**PROBLEM STATEMENT:**
Find the line containing "Camiseta Eu Amo Meu Poodle (Frente)". Retype it and every later line of the records exactly, leaving out pictures.

**Caption-style text data:**
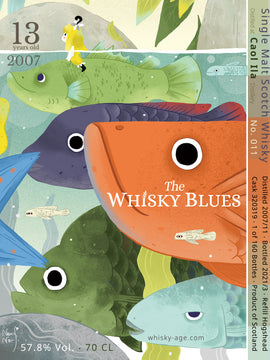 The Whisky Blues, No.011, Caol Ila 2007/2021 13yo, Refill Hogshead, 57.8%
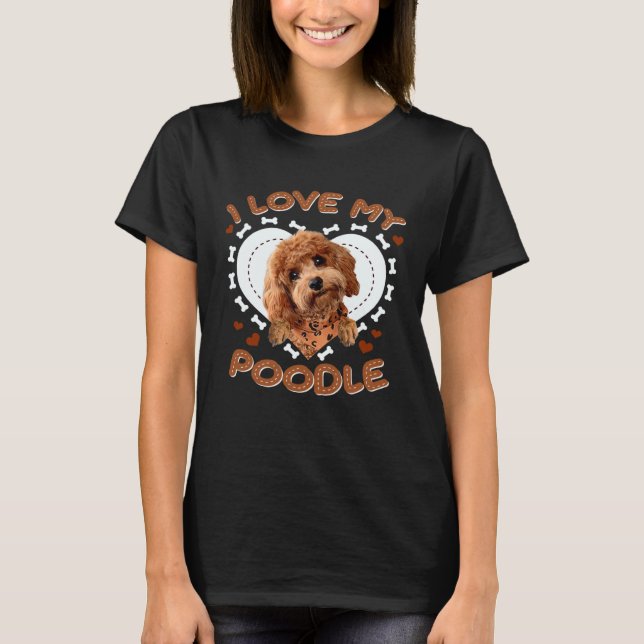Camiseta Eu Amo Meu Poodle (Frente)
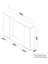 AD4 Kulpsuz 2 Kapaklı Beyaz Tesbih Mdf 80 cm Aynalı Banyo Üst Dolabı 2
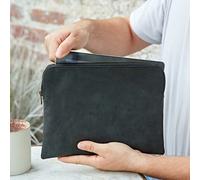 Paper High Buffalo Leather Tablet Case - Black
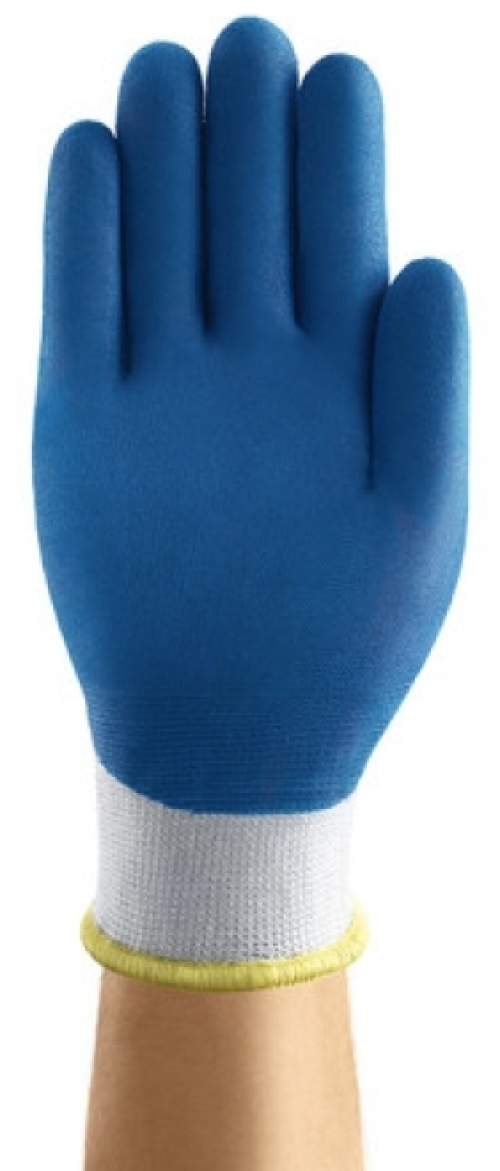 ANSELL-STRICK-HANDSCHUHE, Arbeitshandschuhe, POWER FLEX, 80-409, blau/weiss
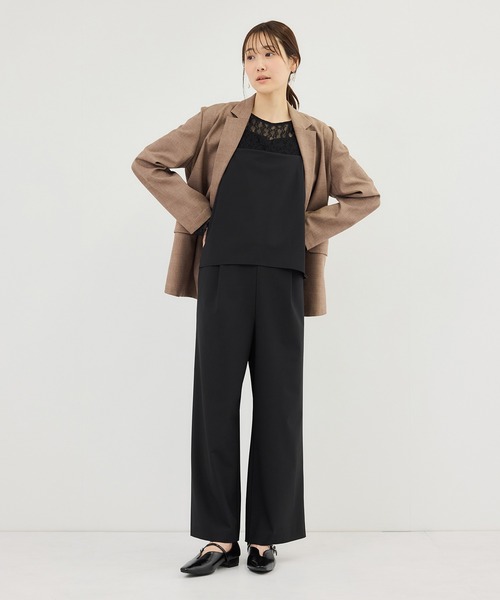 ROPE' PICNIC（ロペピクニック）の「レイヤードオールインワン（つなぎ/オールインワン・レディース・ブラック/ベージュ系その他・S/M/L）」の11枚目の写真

**WRITTEN SOLUTION:**
Camiseta Eu Amo Meu Poodle (Frente)
 AD4 Kulpsuz 2 Kapaklı Beyaz Tesbih Mdf 80 cm Aynalı Banyo Üst Dolabı 2
 Paper High Buffalo Leather Tablet Case - Black
 ANSELL-STRICK-HANDSCHUHE, Arbeitshandschuhe, POWER FLEX, 80-409, blau/weiss
 ROPE' PICNIC（ロペピクニック）の「レイヤードオールインワン（つなぎ/オールインワン・レディース・ブラック/ベージュ系その他・S/M/L）」の11枚目の写真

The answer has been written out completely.